Exercise objective —
Verbatim output required. Print the data in full.

Data section —
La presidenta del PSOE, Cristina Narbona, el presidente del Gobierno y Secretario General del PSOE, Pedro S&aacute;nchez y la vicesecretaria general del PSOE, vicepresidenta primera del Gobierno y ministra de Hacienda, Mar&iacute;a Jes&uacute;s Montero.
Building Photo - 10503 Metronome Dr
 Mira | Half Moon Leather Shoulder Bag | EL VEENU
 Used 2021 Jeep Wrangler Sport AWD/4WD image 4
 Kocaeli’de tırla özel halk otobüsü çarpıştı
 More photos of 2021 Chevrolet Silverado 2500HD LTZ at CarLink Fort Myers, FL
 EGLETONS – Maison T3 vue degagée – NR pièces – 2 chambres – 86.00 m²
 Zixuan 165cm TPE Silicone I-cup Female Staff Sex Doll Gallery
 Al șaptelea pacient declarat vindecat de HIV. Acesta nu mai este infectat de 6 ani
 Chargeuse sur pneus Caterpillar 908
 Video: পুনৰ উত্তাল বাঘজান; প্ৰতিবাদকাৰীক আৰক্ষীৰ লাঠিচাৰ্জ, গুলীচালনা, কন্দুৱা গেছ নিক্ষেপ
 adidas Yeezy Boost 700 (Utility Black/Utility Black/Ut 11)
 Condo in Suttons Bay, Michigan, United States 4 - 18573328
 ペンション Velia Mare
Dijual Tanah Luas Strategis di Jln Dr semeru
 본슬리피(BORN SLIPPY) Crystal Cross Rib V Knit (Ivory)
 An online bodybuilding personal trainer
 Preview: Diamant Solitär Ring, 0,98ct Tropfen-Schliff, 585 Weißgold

Exercise solution —
La presidenta del PSOE, Cristina Narbona, el presidente del Gobierno y Secretario General del PSOE, Pedro S&aacute;nchez y la vicesecretaria general del PSOE, vicepresidenta primera del Gobierno y ministra de Hacienda, Mar&iacute;a Jes&uacute;s Montero.
Building Photo - 10503 Metronome Dr
 Mira | Half Moon Leather Shoulder Bag | EL VEENU
 Used 2021 Jeep Wrangler Sport AWD/4WD image 4
 Kocaeli’de tırla özel halk otobüsü çarpıştı
 More photos of 2021 Chevrolet Silverado 2500HD LTZ at CarLink Fort Myers, FL
 EGLETONS – Maison T3 vue degagée – NR pièces – 2 chambres – 86.00 m²
 Zixuan 165cm TPE Silicone I-cup Female Staff Sex Doll Gallery
 Al șaptelea pacient declarat vindecat de HIV. Acesta nu mai este infectat de 6 ani
 Chargeuse sur pneus Caterpillar 908
 Video: পুনৰ উত্তাল বাঘজান; প্ৰতিবাদকাৰীক আৰক্ষীৰ লাঠিচাৰ্জ, গুলীচালনা, কন্দুৱা গেছ নিক্ষেপ
 adidas Yeezy Boost 700 (Utility Black/Utility Black/Ut 11)
 Condo in Suttons Bay, Michigan, United States 4 - 18573328
 ペンション Velia Mare
Dijual Tanah Luas Strategis di Jln Dr semeru
 본슬리피(BORN SLIPPY) Crystal Cross Rib V Knit (Ivory)
 An online bodybuilding personal trainer
 Preview: Diamant Solitär Ring, 0,98ct Tropfen-Schliff, 585 Weißgold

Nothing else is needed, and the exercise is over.